**Problem statement**
Below are entries; repeat exactly, and nothing else, the lines from the one holding "Reserved black mini skirt" through the one holding "Zebra Pferde Tier", inclusive. Leave the pictures out.

**Data extracts**
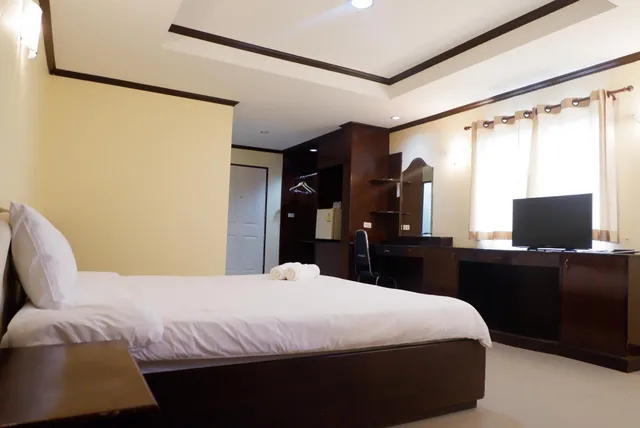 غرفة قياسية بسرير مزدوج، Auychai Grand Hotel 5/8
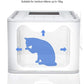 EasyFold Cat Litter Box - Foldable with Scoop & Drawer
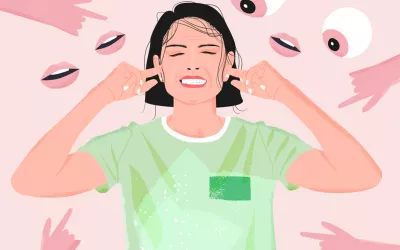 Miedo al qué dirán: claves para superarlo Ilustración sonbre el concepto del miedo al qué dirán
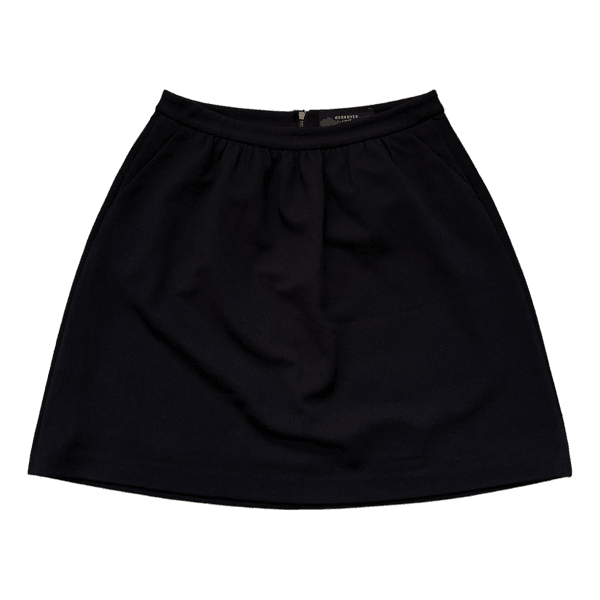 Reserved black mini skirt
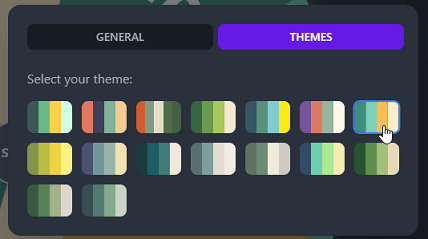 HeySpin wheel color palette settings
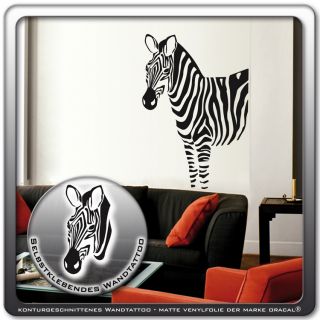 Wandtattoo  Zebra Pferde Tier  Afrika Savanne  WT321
...
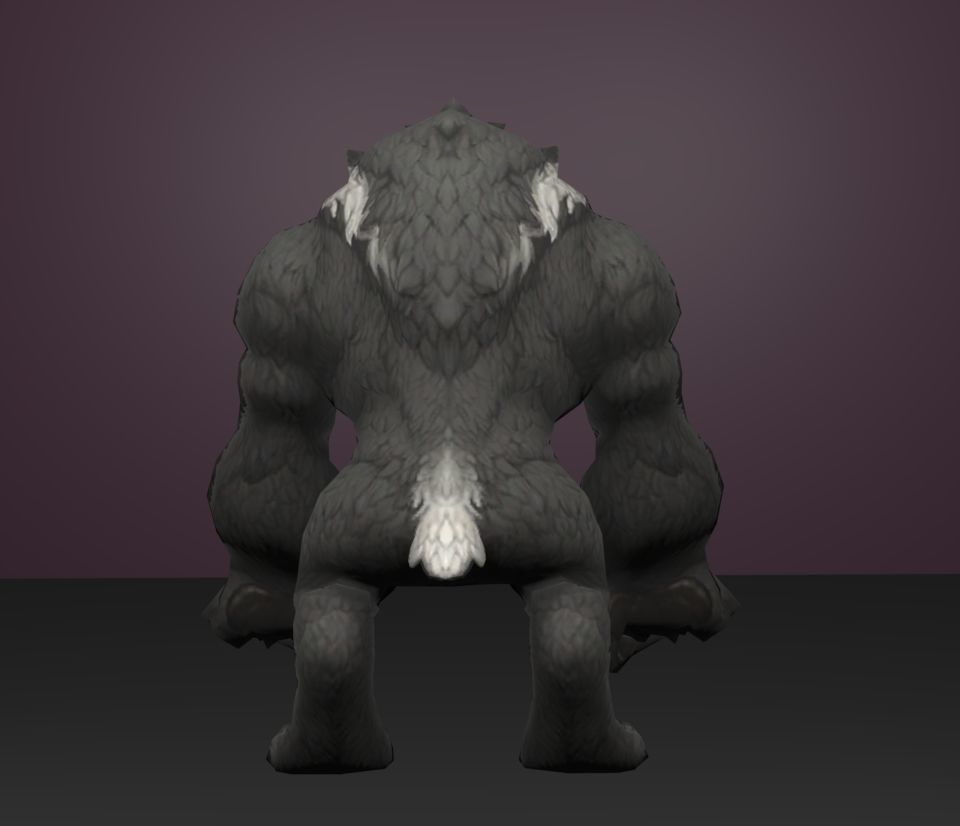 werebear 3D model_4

**Task output**
 Reserved black mini skirt
 HeySpin wheel color palette settings
 Wandtattoo  Zebra Pferde Tier  Afrika Savanne  WT321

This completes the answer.